WORK TO COMPLETE:
For the records below, please print exactly and only the lines from the one with "Hatsune Miku Luminasta" down to the one with "محافظ صفحه نمایش", both ends included, omitting the pictures.

-- GIVEN ENTRIES follows --

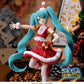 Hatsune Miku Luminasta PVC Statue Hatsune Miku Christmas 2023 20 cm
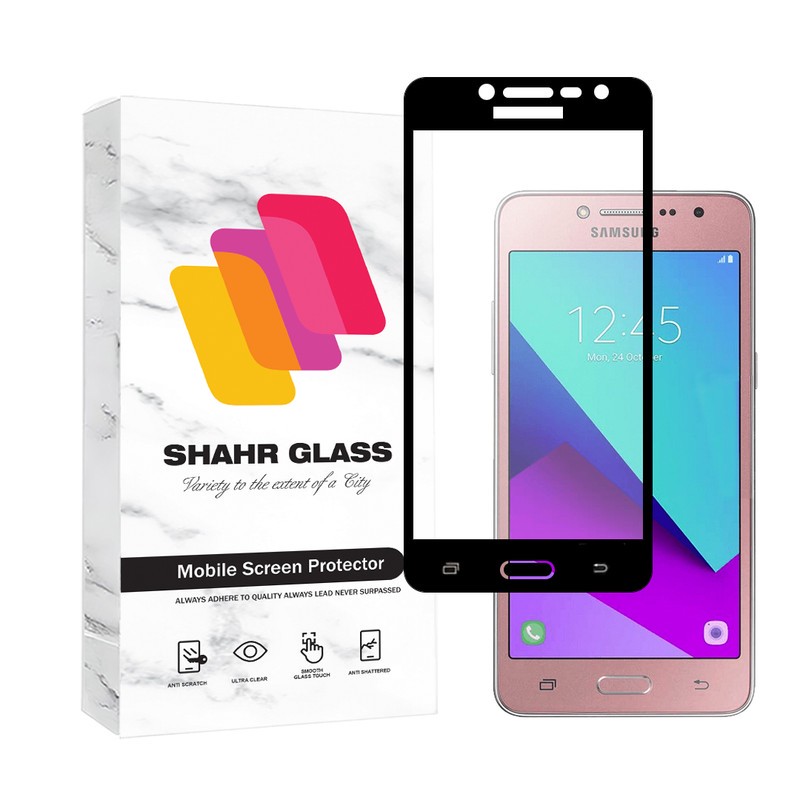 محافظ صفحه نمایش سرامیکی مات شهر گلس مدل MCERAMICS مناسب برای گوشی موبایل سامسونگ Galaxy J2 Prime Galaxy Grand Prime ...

-- GIVEN ENTRIES concluded --
-- GIVEN ENTRIES follows --

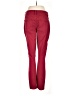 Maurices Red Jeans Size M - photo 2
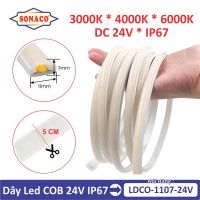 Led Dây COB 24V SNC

-- GIVEN ENTRIES concluded --

EXERCISE ANSWER:
 Hatsune Miku Luminasta PVC Statue Hatsune Miku Christmas 2023 20 cm
 محافظ صفحه نمایش سرامیکی مات شهر گلس مدل MCERAMICS مناسب برای گوشی موبایل سامسونگ Galaxy J2 Prime Galaxy Grand Prime ...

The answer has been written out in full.